L2 — I/O 경로 (put / get / lookup / evict)

디바이스 레이아웃

0                                                        device_size
├──────── meta_total_bytes (256 MiB 기본) ────────┤
│  meta container 0   │  meta container 1   │   data slots... │
│  (mirror copy)      │  (mirror copy)      │                 │
│  header(4KB) + json │  header(4KB) + json │  slot 0  slot 1 │
└─────────────────────┴─────────────────────┴─────────────────┘
                       ↑                    ↑
                  meta_copy_count=2    data_base_offset
                                       = meta_total_bytes

슬롯 = 고정 크기 slot_bytes (기본 1 MiB), 슬롯 머리 header_bytes (기본 4 KiB) 에 LMCBLK01 magic + 64bit slot_identity + payload_len 기록 (core.py:940-950)
메타데이터: 같은 디바이스 앞쪽에 mirror copy 2개, JSON 직렬화 + zlib CRC32, _meta_seq 증가하며 round-robin (core.py:1161-1198)
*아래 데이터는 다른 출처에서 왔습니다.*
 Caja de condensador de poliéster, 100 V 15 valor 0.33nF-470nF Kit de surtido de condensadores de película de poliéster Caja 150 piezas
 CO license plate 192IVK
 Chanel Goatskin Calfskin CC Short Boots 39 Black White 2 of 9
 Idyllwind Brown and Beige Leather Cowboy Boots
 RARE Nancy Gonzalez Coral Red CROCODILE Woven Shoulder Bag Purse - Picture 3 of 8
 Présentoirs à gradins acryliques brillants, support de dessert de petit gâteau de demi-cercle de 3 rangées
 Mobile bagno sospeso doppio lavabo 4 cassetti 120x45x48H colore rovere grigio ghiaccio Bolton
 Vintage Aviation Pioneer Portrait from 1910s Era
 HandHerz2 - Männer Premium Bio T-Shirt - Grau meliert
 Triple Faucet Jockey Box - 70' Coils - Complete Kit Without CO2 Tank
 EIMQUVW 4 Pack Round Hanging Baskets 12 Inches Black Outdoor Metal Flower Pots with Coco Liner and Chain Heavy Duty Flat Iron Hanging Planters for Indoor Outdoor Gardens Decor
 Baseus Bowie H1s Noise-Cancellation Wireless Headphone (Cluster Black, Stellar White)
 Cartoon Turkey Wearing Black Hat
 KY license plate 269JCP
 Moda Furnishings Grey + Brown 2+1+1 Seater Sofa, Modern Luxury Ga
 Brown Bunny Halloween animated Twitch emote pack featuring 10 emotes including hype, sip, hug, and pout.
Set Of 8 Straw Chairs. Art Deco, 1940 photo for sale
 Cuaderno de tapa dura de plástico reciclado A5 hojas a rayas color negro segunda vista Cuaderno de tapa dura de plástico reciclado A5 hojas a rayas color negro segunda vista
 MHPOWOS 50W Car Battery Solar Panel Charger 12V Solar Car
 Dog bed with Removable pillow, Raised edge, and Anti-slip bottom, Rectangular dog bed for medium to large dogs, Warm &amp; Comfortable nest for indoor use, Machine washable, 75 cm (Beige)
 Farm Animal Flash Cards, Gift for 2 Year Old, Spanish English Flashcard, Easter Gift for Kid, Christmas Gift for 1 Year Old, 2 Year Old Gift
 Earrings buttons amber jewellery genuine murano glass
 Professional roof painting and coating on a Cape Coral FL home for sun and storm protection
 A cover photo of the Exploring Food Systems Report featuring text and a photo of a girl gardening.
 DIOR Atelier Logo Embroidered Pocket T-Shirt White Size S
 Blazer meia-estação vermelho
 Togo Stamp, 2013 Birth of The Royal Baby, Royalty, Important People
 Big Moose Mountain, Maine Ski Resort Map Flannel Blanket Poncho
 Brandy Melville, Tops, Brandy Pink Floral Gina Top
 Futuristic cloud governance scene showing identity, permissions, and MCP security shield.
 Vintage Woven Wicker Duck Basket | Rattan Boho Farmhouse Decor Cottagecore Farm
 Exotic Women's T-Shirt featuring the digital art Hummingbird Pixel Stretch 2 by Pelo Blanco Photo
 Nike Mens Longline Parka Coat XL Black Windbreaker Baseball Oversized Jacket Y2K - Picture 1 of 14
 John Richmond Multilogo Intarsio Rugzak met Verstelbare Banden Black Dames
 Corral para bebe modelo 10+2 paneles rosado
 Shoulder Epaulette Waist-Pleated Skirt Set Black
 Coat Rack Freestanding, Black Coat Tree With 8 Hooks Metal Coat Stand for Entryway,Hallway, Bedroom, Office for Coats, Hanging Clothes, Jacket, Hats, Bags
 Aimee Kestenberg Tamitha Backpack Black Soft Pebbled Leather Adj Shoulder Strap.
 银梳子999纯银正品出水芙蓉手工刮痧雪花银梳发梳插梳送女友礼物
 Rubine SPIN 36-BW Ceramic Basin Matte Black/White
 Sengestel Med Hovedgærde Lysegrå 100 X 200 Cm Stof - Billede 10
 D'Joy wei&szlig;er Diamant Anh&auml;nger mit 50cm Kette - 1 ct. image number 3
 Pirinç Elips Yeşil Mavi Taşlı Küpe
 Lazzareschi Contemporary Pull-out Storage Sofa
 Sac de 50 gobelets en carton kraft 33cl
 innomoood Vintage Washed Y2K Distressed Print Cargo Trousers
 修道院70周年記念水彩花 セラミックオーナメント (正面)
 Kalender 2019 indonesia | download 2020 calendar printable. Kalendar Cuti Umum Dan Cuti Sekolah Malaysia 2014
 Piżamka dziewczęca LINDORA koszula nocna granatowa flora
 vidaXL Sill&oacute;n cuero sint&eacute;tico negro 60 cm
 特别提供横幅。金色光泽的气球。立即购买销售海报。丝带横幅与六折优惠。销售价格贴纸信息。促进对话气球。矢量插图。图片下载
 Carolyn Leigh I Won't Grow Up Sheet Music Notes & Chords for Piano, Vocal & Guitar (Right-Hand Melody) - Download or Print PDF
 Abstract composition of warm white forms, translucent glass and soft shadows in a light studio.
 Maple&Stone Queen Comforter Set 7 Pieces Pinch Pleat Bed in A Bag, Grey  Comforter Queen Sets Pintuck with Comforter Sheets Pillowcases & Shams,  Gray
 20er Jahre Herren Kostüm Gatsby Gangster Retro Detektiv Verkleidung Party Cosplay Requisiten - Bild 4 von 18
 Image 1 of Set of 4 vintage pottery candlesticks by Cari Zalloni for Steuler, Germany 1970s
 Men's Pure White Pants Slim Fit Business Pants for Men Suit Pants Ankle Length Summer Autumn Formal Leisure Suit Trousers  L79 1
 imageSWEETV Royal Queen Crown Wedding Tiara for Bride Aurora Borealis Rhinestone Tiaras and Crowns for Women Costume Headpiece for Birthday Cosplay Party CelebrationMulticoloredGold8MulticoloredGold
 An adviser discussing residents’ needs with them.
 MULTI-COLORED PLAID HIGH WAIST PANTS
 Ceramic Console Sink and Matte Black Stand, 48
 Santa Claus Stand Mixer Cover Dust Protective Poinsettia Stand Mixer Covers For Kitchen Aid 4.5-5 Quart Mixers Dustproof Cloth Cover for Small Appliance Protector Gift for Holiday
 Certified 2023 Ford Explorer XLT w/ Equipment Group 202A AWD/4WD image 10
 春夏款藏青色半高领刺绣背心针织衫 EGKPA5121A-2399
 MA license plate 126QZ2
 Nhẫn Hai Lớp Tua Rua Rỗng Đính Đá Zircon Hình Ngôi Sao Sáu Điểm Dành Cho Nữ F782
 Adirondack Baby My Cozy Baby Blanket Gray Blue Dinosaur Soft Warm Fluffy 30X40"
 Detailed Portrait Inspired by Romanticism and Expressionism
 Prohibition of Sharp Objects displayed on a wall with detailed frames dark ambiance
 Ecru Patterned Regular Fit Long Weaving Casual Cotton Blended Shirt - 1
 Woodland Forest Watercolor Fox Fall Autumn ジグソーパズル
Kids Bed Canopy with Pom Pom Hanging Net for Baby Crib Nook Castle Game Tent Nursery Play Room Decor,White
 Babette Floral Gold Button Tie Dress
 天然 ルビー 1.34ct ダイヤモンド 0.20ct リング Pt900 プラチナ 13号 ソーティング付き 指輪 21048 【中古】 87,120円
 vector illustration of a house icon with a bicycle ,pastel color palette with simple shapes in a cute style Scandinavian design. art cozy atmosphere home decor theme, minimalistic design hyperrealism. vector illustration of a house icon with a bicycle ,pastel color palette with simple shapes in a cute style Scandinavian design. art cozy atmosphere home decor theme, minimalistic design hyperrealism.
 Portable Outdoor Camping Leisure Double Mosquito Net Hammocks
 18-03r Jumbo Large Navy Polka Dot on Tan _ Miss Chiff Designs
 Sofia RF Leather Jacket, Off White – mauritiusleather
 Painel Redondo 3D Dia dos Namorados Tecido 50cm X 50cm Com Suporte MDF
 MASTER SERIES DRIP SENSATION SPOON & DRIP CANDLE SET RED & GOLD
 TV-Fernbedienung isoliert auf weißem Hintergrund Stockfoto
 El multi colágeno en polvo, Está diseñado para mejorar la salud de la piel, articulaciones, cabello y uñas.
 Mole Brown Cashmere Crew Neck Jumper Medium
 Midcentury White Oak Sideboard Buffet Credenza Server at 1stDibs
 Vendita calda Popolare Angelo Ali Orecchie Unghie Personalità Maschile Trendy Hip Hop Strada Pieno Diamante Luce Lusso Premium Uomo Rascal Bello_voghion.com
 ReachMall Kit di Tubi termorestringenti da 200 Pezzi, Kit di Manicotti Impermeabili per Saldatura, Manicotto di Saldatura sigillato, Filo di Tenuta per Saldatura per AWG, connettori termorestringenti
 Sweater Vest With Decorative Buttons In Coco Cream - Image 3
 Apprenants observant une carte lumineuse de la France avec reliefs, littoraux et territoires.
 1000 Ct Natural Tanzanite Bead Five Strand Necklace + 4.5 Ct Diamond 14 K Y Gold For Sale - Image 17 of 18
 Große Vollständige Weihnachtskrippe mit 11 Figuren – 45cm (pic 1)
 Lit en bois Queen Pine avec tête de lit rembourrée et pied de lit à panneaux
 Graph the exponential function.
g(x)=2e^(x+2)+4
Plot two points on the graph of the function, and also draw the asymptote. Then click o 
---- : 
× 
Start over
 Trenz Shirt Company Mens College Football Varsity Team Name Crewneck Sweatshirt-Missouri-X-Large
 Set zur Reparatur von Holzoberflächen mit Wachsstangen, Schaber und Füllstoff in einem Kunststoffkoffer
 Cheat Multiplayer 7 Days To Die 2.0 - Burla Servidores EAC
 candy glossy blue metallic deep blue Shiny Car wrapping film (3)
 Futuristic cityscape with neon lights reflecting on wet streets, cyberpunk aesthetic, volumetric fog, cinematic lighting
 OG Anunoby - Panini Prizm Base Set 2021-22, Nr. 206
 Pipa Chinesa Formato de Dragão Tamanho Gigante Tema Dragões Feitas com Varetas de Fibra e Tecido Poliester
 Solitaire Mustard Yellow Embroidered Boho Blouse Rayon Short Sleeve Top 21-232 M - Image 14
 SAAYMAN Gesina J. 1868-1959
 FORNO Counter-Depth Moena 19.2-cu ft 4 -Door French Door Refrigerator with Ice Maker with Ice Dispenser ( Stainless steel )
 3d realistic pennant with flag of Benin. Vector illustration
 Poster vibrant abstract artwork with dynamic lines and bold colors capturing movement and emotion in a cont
put 흐름 (`submit_store_task`)

sequenceDiagram
    participant SC as StoreController
    participant A as RawBlockL2Adapter
    participant P as ThreadPool (rawblk-store)
    participant C as RawBlockCore
    participant R as RawBlockDevice (Rust)
    participant D as 디바이스

    SC->>A: submit_store_task(keys, objs)
    A->>A: task_id 발급 + inflight++
    A->>P: pool.submit(_run_store_task)
    A-->>SC: task_id (즉시 return)

    P->>C: put_many(specs, objs)
    loop 각 (key, obj)
        C->>C: _lock 획득
        C->>C: 이미 indexed/inflight 면 skip
        C->>C: _allocate_slot_locked() → offset
        C->>C: _inflight[encoded] = (offset, meta)
        C->>C: _lock 해제
        C->>R: pwrite_from_buffer(offset, header)
        R->>D: pwrite (POSIX) or SQE Write/WriteFixed (io_uring)
        C->>R: pwrite_from_buffer(offset+header_bytes, payload)
        R->>D: pwrite ...
        C->>C: _lock 획득
        C->>C: _inflight pop → _index 등록
        C->>C: _meta_dirty_total++
    end
    C-->>P: RawBlockPutManyResult
    P->>A: _finish_store_task (callback)
    A->>A: _completed_store_tasks[task_id] = success
    A->>A: _notify_keys_stored (listener)
    A->>A: store_efd.notify()
    SC-->>SC: poll(store_efd) 깨어남
    SC->>A: pop_completed_store_tasks()

핵심 포인트:

header / payload 별도 pwrite 2회 — header 가 먼저 가야 slot identity 가 디스크에 박힘
O_DIRECT 면 header 도 block_align 까지 round-up (core.py:919-924)
payload buffer 가 block_align aligned 이고 enable_zero_copy=True 면 _build_direct_odirect_view 가 ctypes 로 raw memoryview 만들어 zero-copy (core.py:801-854)
_inflight_io_count++ / last_io_ts 갱신 → 체크포인트 idle quiet 판정 입력

get / load 흐름 (`submit_load_task`)

호출자가 destination buffer 를 미리 할당해서 넘긴다. Adapter 는 절대 새 메모리 할당 안 함.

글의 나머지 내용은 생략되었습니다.